INSTRUCTIONS TO FOLLOW:
The first line of the entries through the line bearing "French Bulldog dogs - Advert 2": copy these lines exactly and return nothing else.

INPUT:
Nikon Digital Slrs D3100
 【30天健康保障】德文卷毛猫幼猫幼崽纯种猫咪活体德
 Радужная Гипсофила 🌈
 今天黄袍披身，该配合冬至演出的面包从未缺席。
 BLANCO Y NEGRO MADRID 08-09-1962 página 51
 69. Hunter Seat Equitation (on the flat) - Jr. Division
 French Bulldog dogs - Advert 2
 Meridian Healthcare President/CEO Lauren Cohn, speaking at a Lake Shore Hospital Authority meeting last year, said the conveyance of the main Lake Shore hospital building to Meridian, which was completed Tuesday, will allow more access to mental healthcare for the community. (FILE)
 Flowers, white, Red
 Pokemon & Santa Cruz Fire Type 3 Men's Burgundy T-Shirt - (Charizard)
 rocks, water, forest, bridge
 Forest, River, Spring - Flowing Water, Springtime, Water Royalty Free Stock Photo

TASK OUTPUT:
Nikon Digital Slrs D3100
 【30天健康保障】德文卷毛猫幼猫幼崽纯种猫咪活体德
 Радужная Гипсофила 🌈
 今天黄袍披身，该配合冬至演出的面包从未缺席。
 BLANCO Y NEGRO MADRID 08-09-1962 página 51
 69. Hunter Seat Equitation (on the flat) - Jr. Division
 French Bulldog dogs - Advert 2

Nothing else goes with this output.